== Segment start ==
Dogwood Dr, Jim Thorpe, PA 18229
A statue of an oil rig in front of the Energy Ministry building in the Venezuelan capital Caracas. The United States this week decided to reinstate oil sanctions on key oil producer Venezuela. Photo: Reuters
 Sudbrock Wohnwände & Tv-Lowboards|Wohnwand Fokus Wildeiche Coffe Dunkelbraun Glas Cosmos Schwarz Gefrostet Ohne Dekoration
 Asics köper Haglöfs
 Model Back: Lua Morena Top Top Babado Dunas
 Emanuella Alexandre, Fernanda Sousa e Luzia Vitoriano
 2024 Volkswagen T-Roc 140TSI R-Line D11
== Segment end ==
Starting with the first entry and ending with the last, give all of them again unchanged.

Dogwood Dr, Jim Thorpe, PA 18229
A statue of an oil rig in front of the Energy Ministry building in the Venezuelan capital Caracas. The United States this week decided to reinstate oil sanctions on key oil producer Venezuela. Photo: Reuters
 Sudbrock Wohnwände & Tv-Lowboards|Wohnwand Fokus Wildeiche Coffe Dunkelbraun Glas Cosmos Schwarz Gefrostet Ohne Dekoration
 Asics köper Haglöfs
 Model Back: Lua Morena Top Top Babado Dunas
 Emanuella Alexandre, Fernanda Sousa e Luzia Vitoriano
 2024 Volkswagen T-Roc 140TSI R-Line D11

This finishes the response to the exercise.